Result rows from a multi-column select in SQLAlchemy 2.0 async are Row tuples — access as row[0] (AuditLog), row[1] (user_handle), row[2] (actor_handle). result.all() returns list[Row].

Source: [ASSUMED] — SQLAlchemy 2.0 aliased JOIN pattern is well-documented but not verified via Context7 in this session.

Pattern 4: Handle-to-UUID resolution for user filter

# In list_audit_log / export_audit_log endpoint handlers:
user_uuid: Optional[uuid.UUID] = None
if user_handle_param:   # new str param replacing Optional[uuid.UUID]
    handle_result = await session.execute(
        select(User.id).where(User.handle == user_handle_param)
    )
    uid = handle_result.scalar_one_or_none()
    if uid is None:
        # No user with that handle → return empty results (D-12)
        return {"items": [], "total": 0, "page": page, "per_page": per_page}
    user_uuid = uid

Source: [VERIFIED: codebase]User.handle is a unique indexed column (models.py line 52).

Pattern 5: Fetch + Blob URL download in Vue 3 (CSV export)

// frontend/src/api/client.js — new function
export async function adminExportAuditLogCsv(params = {}) {
  const { useAuthStore } = await import('../stores/auth.js')
  const authStore = useAuthStore()

  const searchParams = new URLSearchParams({ format: 'csv' })
  if (params.start)      searchParams.set('start',      params.start)
  if (params.end)        searchParams.set('end',        params.end)
  if (params.user_handle) searchParams.set('user_handle', params.user_handle)
  if (params.event_type) searchParams.set('event_type', params.event_type)

  const headers = {}
  if (authStore.accessToken) {
    headers['Authorization'] = `Bearer ${authStore.accessToken}`
  }

  const res = await fetch(`/api/admin/audit-log/export?${searchParams}`, {
    headers,
    credentials: 'include',
  })
  if (!res.ok) throw new Error(`Export failed: ${res.status}`)

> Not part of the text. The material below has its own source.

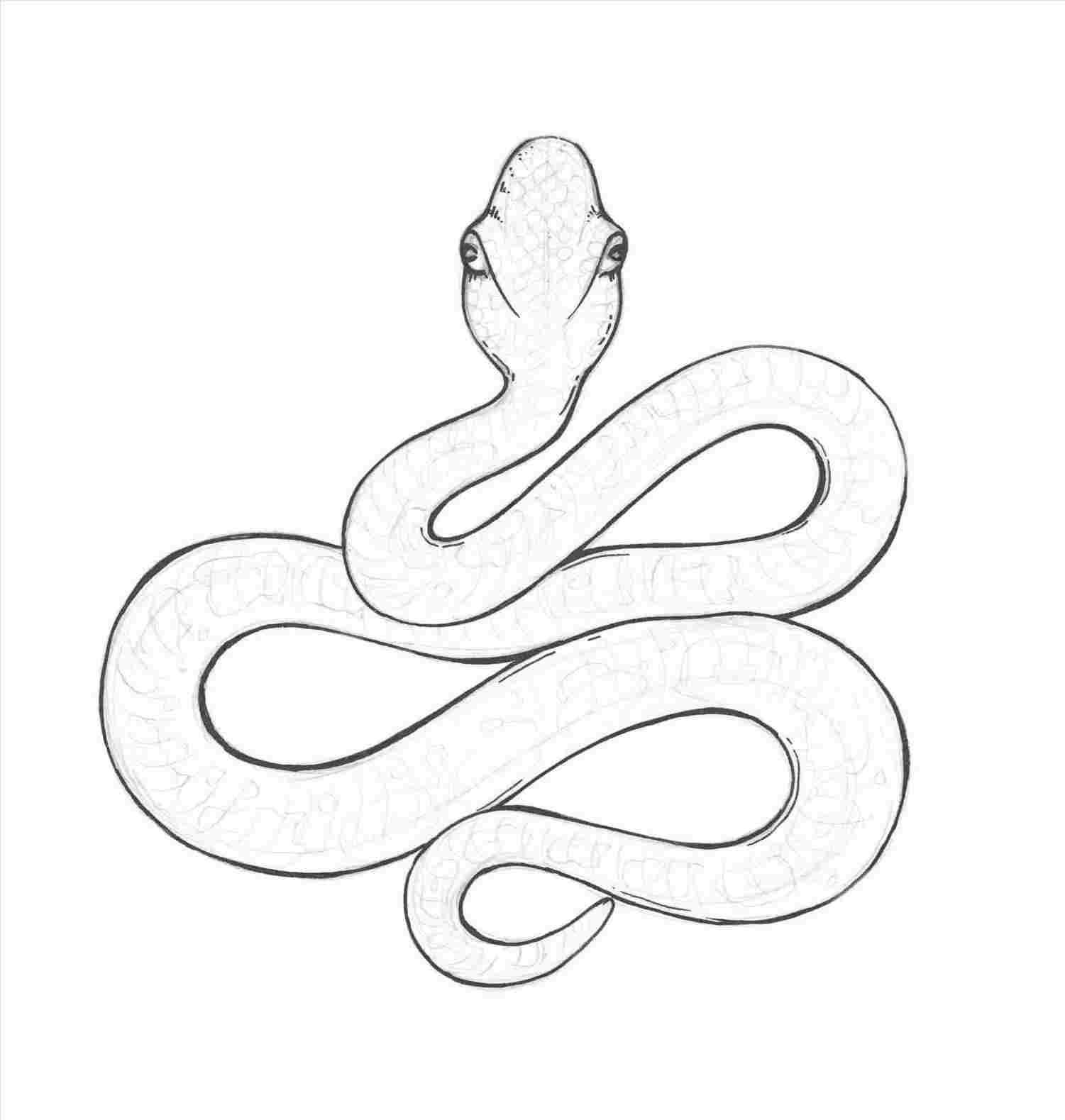 Easy Snake Drawing Stunning Sketch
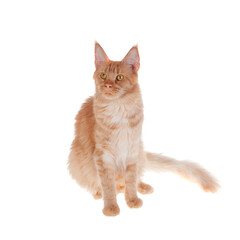 Red Maine Coon cat isolated on white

  const text = await res.text()                   // CSV is text, not JSON
  const blob = new Blob([text], { type: 'text/csv' })
  const url  = URL.createObjectURL(blob)
  const a    = document.createElement('a')
  a.href     = url
  a.download = 'audit-export.csv'
  a.click()
  URL.revokeObjectURL(url)
}

This is the same pattern as fetchDocumentContent() already in client.js — raw fetch() with Authorization header, NOT using the shared request() wrapper (which always calls res.json()).

Source: [VERIFIED: codebase]fetchDocumentContent at lines 399-428 of client.js is the exact precedent.

Pattern 6: MinIO daily export listing (asyncio.to_thread)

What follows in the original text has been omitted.